Waymo, the robotaxi service born from Google's self-driving car project, now operates in 11 US cities and plans to launch globally. The company, a subsidiary of Alphabet, has been giving commercial rides to the public since 2020 and recently reported providing more than 500,000 autonomous rides per week.

The service faces mounting competition from Tesla, Zoox, and Motional, all of which are launching rival autonomous ride-hailing offerings. Waymo's rapid expansion reflects Alphabet's bet that autonomous mobility will become a major revenue driver, but the technology's real-world performance remains under a microscope.
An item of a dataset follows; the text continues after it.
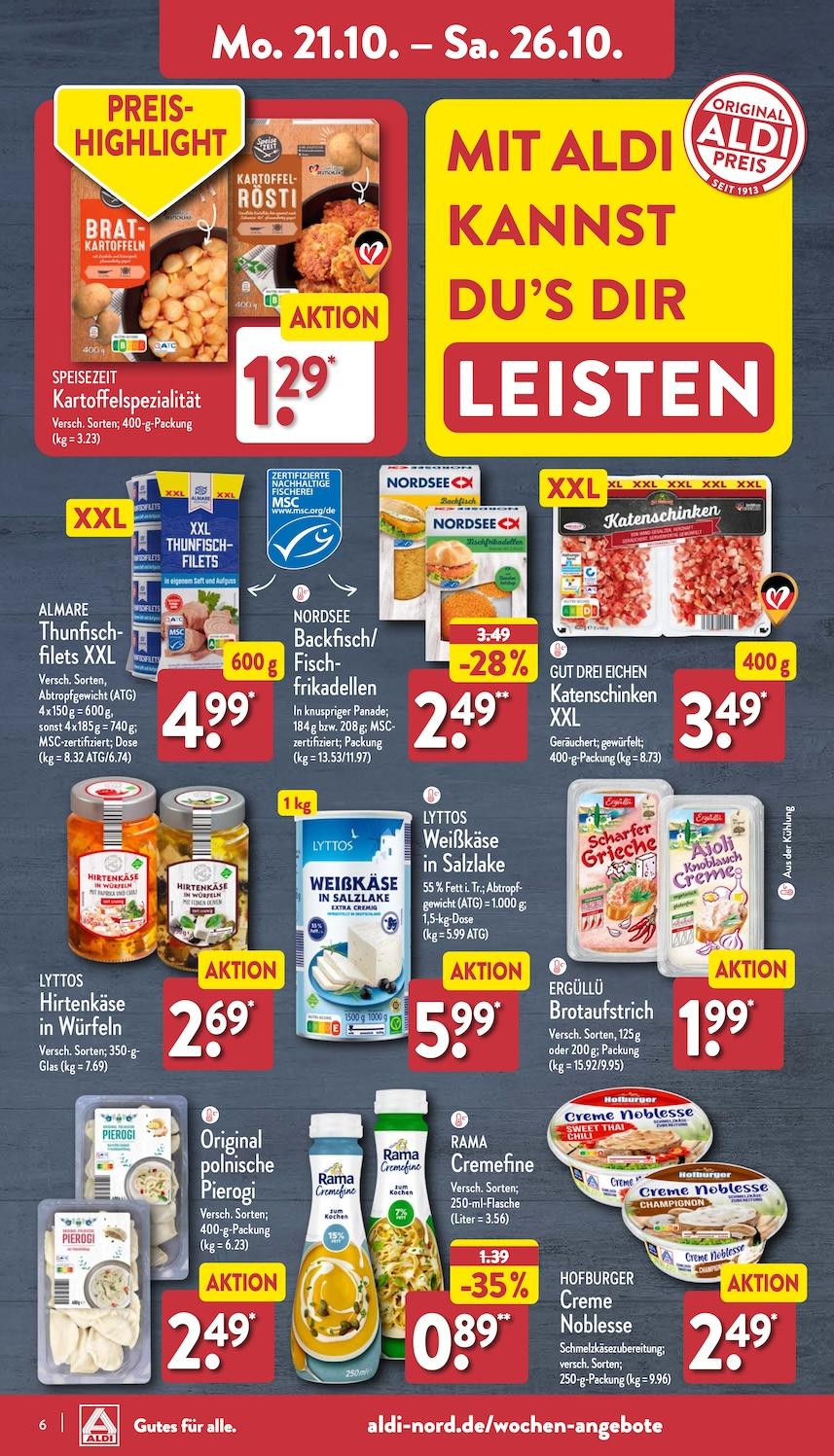 Aldi Aldi Nord Prospekt ab Montag Seite 6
Waymo regularly publishes data showing its robotaxis are safer, but the firm has also encountered high-profile incidents. A massive power outage left Waymo vehicles stuck in intersections, the robotaxis have failed to yield to school buses, and a bodega cat died after being run over by a Waymo — drawing criticism over safety and responsiveness.
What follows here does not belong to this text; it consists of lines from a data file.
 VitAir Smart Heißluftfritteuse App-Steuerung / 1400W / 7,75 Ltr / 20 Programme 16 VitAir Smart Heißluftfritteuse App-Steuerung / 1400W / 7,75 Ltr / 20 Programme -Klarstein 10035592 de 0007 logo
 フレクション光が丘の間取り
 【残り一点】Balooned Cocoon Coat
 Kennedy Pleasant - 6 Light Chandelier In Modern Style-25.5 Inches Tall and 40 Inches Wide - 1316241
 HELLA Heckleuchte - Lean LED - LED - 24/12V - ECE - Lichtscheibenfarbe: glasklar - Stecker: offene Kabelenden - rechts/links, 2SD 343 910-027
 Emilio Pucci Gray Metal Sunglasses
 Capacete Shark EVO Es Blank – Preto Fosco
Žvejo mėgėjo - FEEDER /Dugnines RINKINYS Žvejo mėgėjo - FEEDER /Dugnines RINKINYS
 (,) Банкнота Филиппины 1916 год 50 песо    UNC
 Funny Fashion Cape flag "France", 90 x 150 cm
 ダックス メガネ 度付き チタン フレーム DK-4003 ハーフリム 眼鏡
As Waymo scales to new cities and countries, it must navigate regulatory hurdles and public trust issues. Each mishap provides ammunition for skeptics who argue autonomous systems are not yet ready for widespread deployment, potentially slowing adoption and inviting stricter oversight.

Counter-arguments note that Waymo's own safety data shows improvement over human drivers, and that isolated incidents are inevitable in any new transportation system. Critics, however, say these events reveal fundamental flaws that could erode public confidence.